Raymon hatte jedoch die Klugheit, sich den Schein zu geben, als wenn er Indianas Rückkehr als ein ungehofftes Glück betrachte. Er schrieb ihr die letzten Worte seiner Mutter, schilderte ihr die Verzweiflung, in die ihn dieser Verlust gestürzt hätte, die Pein der Einsamkeit. Er entwarf ein düsteres Bild von der Revolution, welche an Frankreichs Horizont aufzog, tat zwar, als ob es ihn tröste, die kommenden Schläge allein tragen zu müssen, gab aber Indiana zu verstehen, daß der Augenblick für sie erschienen sei, jene begeisterte Treue, jene aufopfernde Hingebung, deren sie sich gerühmt hätte, durch die Tat zu beweisen.

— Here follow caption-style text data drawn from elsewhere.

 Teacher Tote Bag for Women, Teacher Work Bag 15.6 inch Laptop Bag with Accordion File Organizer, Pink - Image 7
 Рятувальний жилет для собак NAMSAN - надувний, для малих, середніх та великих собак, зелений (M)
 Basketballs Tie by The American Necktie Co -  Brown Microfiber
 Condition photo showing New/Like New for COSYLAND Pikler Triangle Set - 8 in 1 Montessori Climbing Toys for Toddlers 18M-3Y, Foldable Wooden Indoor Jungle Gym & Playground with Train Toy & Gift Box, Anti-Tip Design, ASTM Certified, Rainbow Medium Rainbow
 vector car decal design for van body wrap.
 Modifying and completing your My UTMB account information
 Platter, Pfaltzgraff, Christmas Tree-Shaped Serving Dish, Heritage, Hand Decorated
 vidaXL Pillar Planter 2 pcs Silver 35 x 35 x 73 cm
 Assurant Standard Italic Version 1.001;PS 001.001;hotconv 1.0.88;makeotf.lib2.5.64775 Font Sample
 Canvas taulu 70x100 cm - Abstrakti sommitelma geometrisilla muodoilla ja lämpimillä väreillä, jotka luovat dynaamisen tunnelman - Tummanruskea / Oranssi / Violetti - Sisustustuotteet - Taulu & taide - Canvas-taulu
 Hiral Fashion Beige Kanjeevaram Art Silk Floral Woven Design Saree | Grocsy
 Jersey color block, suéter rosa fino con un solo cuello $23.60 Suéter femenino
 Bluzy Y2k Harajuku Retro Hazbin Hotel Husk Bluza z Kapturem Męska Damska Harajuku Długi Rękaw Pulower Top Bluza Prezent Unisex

Raymon beklagte sein Geschick und sagte, er habe einst das Glück in seiner Hand gehalten und dennoch die Selbstverleugnung besessen, sich zu einer ewigen Einsamkeit zu verdammen. »Sage mir nicht mehr,« fügte er hinzu, »daß Du mich geliebt hast, denn ich wäre dann schwach genug, meinen Mut zu verwünschen. Sage mir, daß Du glücklich bist und mich vergissest, damit ich nicht in Versuchung komme, Dich den Banden zu entreißen, die uns trennen.«

Mit einem Worte, er nannte sich unglücklich, und das bedeutete nicht mehr und nicht weniger, als ob er Indiana gesagt hätte, daß er sie erwarte.